WHAT THE EXERCISE ASKS:
Your copy of the listing must be exact and must hold no images.

GIVEN DATA:

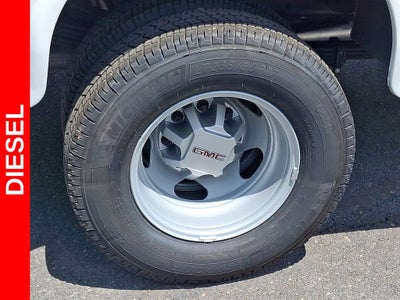 2025 GMC Sierra 3500 HD Chassis Cab Pro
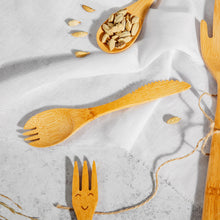 Afbeelding in Gallery-weergave laden, Bestek: Bamboe spork - 3 in 1 bestek - Sass &amp; Belle
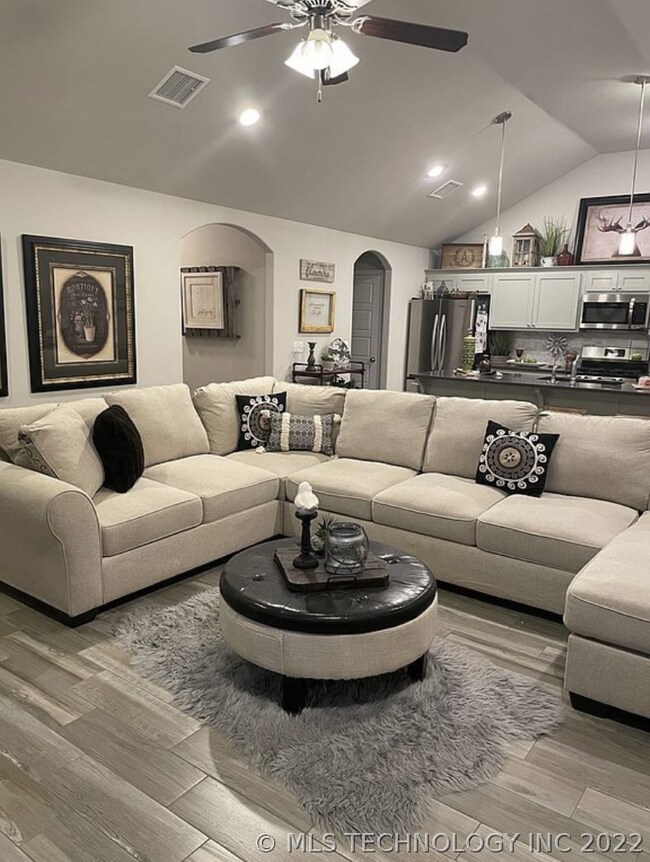 unlisted-address, Broken Arrow, OK 74011 - photo 2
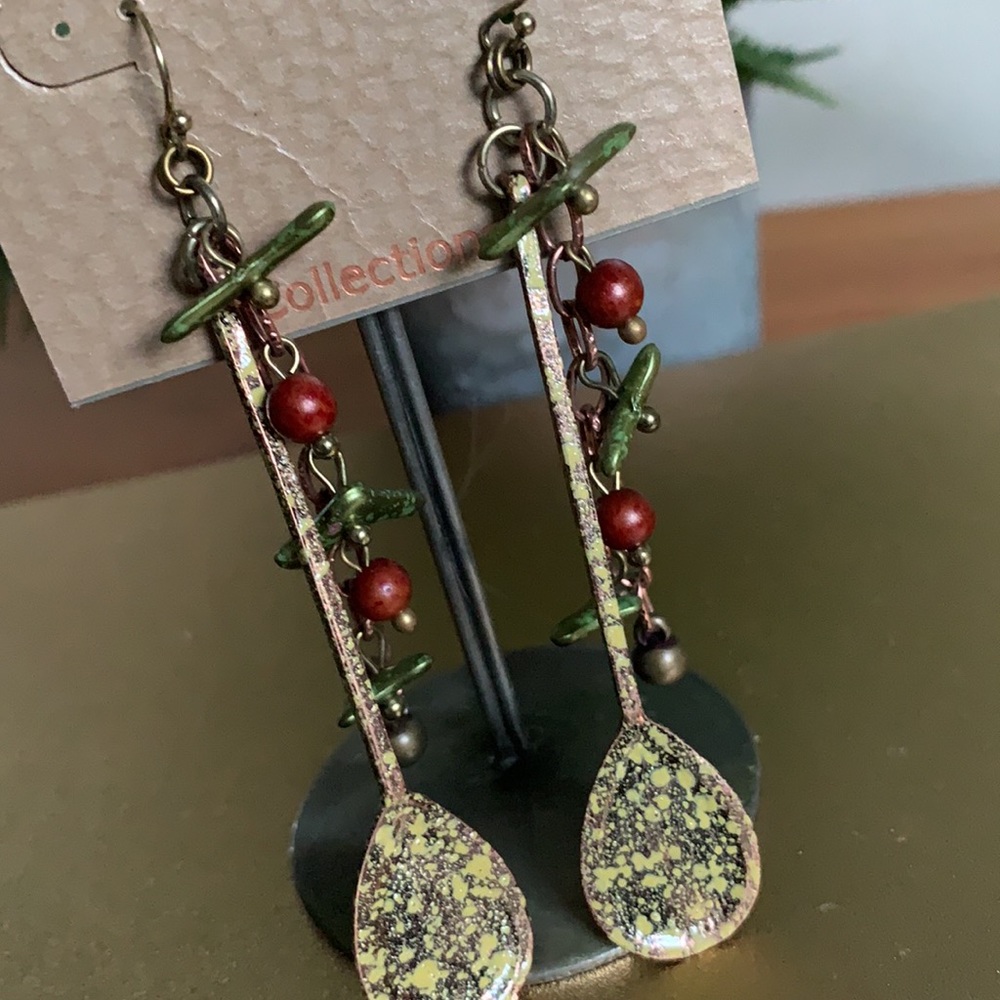 🌺 earrings from Treska NWT🌺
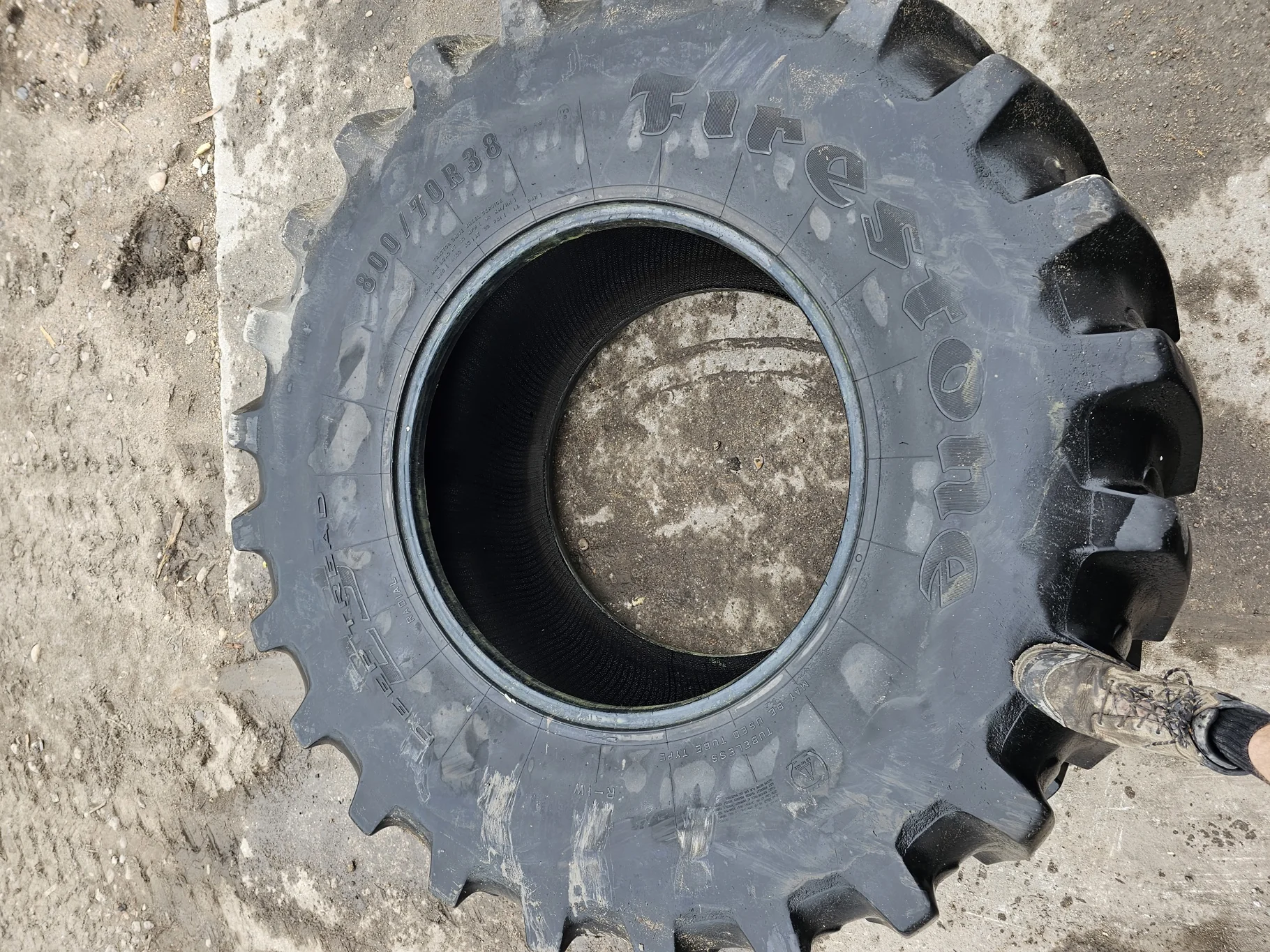 Used 90% 800/70R38 Firestone Maxi Traction R-1W 173D TL - Good Condition  _x000D_
(Lug Stubble, Weat image 2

ANSWER SPACE:
 2025 GMC Sierra 3500 HD Chassis Cab Pro
 Afbeelding in Gallery-weergave laden, Bestek: Bamboe spork - 3 in 1 bestek - Sass &amp; Belle
 unlisted-address, Broken Arrow, OK 74011 - photo 2
 🌺 earrings from Treska NWT🌺
 Used 90% 800/70R38 Firestone Maxi Traction R-1W 173D TL - Good Condition  _x000D_
(Lug Stubble, Weat image 2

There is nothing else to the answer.